S v Z is one of the many shows that got waylaid by the pandemic, part of a backlog of promising exhibitions finally washing up on institutional shores. As a result, Tauba Auerbach’s first museum survey straddles the San Francisco Museum of Modern Art’s long closure in telling ways. Its catalog—luxuriously printed and meticulously designed, more artist book than exhibition publication—came out in 2020, long before SFMOMA announced it would “reduce the number and scale of publications.” The show’s newest work, and the first piece viewers see, speaks directly to the pandemic that allowed for its inclusion: a painting of the Earth made wildly unfamiliar by custom mapping software.
S v Z is a product of both the before- and now-times, but it also serves as an example of what SFMOMA could yet become: an institution that gives contemporary artists the space and support to manifest a world all their own.

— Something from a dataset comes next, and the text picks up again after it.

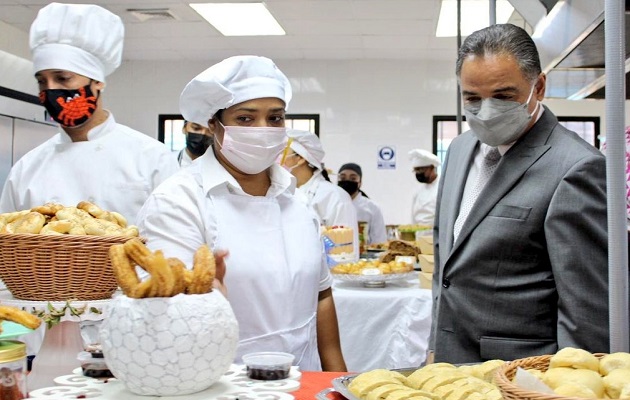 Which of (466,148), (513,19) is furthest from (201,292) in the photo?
(513,19)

Born in San Francisco and currently living in New York, Auerbach might be most familiar to viewers for their Fold paintings—canvases creased and sprayed with acrylic paint before being stretched tight, yielding an opalescent trompe l’oeil of former wrinkles. These paintings are mesmerizing; the desire to run a hand over their now-smooth surfaces is difficult to contain. But S v Z, organized by SFMOMA curators Joseph Becker and Jenny Gheith, demonstrates this was just one experiment in the artist’s wide-ranging and continually inventive practice.
Contained within the survey are all manner of artistic approaches: drawings, paintings, kinetic sculpture, glasswork, video, artist books, multiples, wearable “marginalia,” printmaking, flags—even a version of a mural once applied across the surfaces of a New York City fireboat. Auerbach routinely examines that which is often taken for granted (e.g. the “components” of the alphabet), tapping into mathematical and scientific theories and mastering new modes of making with each interconnected project.
Even when the concepts underpinning a piece are beyond the grasp of the casual non-STEM-educated observer, Auerbach translates their research into tangible, sublimely beautiful forms. The New Ambidextrous Universe III, a single sheet of plywood cut into wavy strips and rearranged in reverse order, approximates what the object would look like if it rotated through four-dimensional space and “returned as its mirror image.” It’s a mind-boggling premise, but the eye takes in what the brain cannot. The effect is something akin to moving an image as a scanner passes over it—a blip in the space/time continuum.
If the mechanisms or materials don’t yet exist to bring an idea to fruition, Auerbach creates custom tools and formulations. The painting series Extended Objects—glossy surfaces of wobbly color—relies on a custom-formulated additive that allows acrylic paint to flow through “unique pouring tools.” In 7S, 7Z, 1S, 2Z, a custom mix of soap creates a bubble-like film between expanding and contracting interwoven steel cables. And in the exhibition’s most tucked-away corner, 26 original type specimen posters from Auerbach’s imprint, Diagonal Press, hang like heraldic flags on one wall.